M&A: A Reason to Get Off Your Cash

One of the reasons tech companies used to hoard cash was for prospective mergers and acquisitions — a trend that market research firm Ernst & Young Global Ltd. says is picking up. (See Unknown Document 20030 .)

M&A among technology companies in the third quarter of 2010 climbed 43 percent over the comparable prior-year period. A couple of interesting things E&Y notes in its most recent report: First, companies are sitting on bundles of cash that could be used for acquisition. Second, offshore bundles of cash are a hindrance for companies that may want to buy businesses in the US. (See Cash Hoarders & the Confidence Crisis.)

Technology firms are well positioned to execute further transactions, according to Joe Steger, Global Technology Transaction Advisory Services Leader at Ernst & Young. “Leading technology companies have good financial flexibility, owing to significant cash balances and little leverage; however, many US technology companies have significant amounts of cash 'trapped' offshore, which limits the amount of cash available for US acquisitions.” It also limits the tax base available to the US. (See More on Cash Hoarding & the Confidence Crisis.)

But companies are spending more money on their acquisitions. Total deal value in the third quarter 2010 increased by 48 percent compared to the same period last year, and 50 percent over the previous quarter to $46.2 billion. In addition, 11 deals over $1 billion were announced in the quarter, bringing the year-to-date number of big-ticket deals to 20, one more than in all of last year and six more than in all of 2008.

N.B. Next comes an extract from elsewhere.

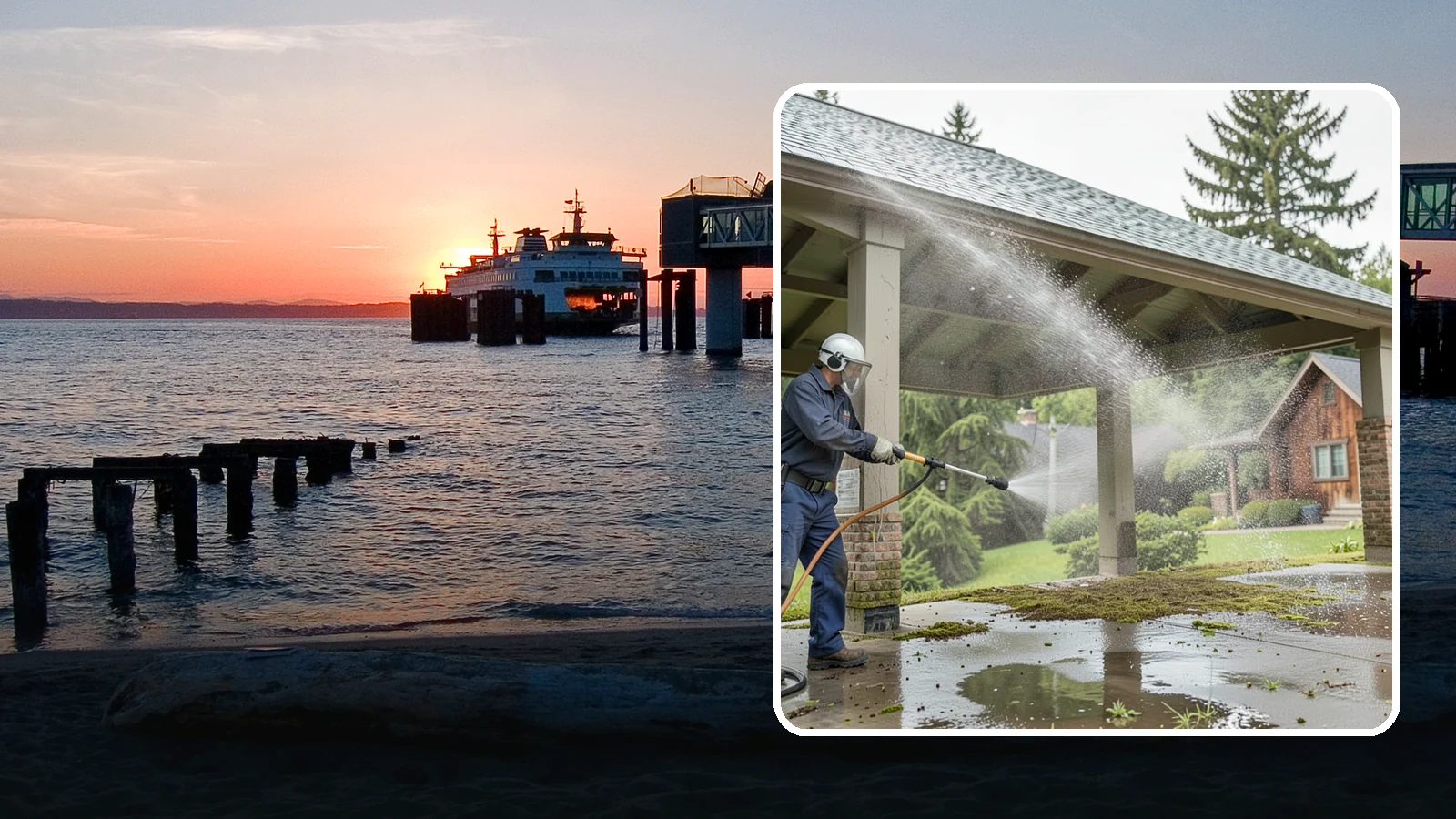 Pavilion Cleaning in Edmonds, Snohomish County, WA - Clean large pavilion structures and their roofs to remove the algae and debris common on wide, shaded Northwest builds.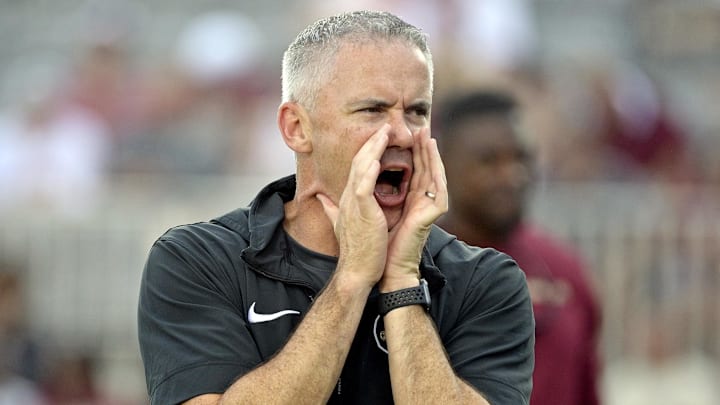 Sep 2, 2024; Tallahassee, Florida, USA; Florida State Seminoles head coach Mike Norvell before the game against the Boston College Eagles at Doak S. Campbell Stadium. Mandatory Credit: Melina Myers-Imagn Images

Companies are no longer waiting to secure deals they consider strategic: In the third quarter most of the activity was in initiatives such as e-commerce, cloud computing, social networking, online gaming, wireless telecommunications, and mobile security. “Growing demand for connectivity and real-time access to actionable [sic] information over mobile devices is transforming the sector and propelling the globalization and convergence of technology platforms with other industries, spurring deal activity,” says Steger.

Half the number of deals in the quarter were cross-border, says E&Y. “After a pause in the first quarter of 2010, cross-border technology deals have significantly outpaced domestic deal growth for the past two quarters. Following a strong rebound in the second quarter of 2010, cross-border deal numbers surged in 3Q10, accounting for 51 percent ($23.5 billion) of total deal value.”

E&Y expects the key trends driving M&A to continue. There are a few things that could hinder future activity, though. First is companies' reluctance to part ways with their cash. The second, says E&Y, is a continued downturn in global economic confidence could dampen the short-term outlook.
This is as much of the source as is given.